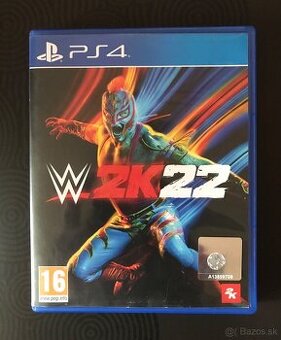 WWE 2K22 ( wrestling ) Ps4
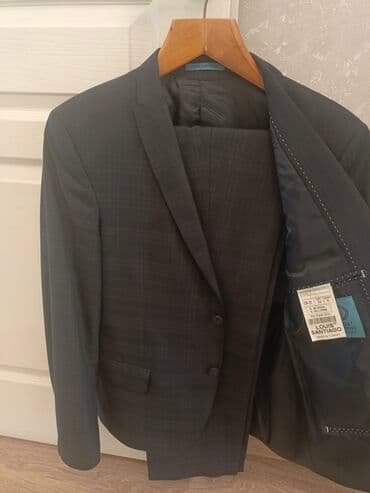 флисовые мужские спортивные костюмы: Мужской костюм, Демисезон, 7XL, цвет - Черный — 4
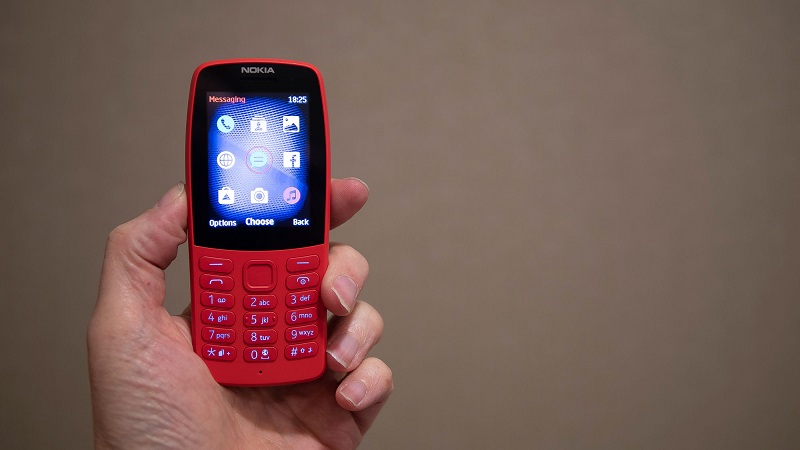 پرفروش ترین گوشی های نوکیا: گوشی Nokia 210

...

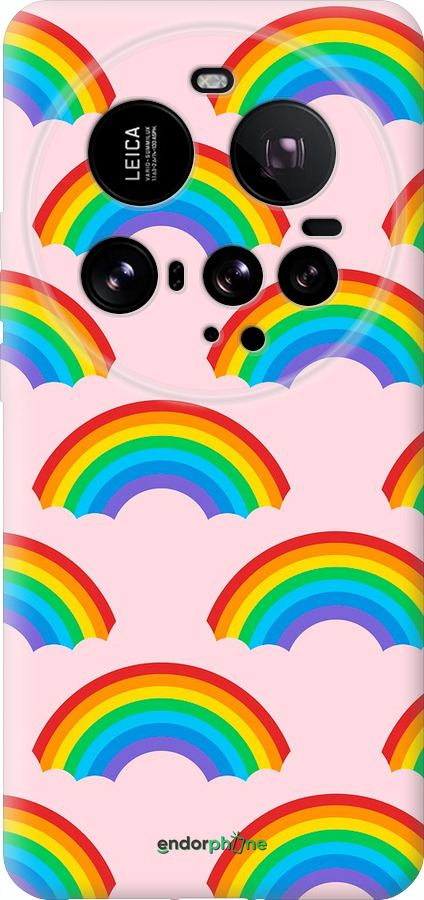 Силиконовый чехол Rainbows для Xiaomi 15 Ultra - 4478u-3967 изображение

-- Work order --
An exact copy is needed. It runs from the line above containing "флисовые мужские спортивные" down to the line containing "پرفروش ترین گوشی های نوکیا: گوشی Nokia 210", both included, with no pictures.

-- Result --
 флисовые мужские спортивные костюмы: Мужской костюм, Демисезон, 7XL, цвет - Черный — 4
 پرفروش ترین گوشی های نوکیا: گوشی Nokia 210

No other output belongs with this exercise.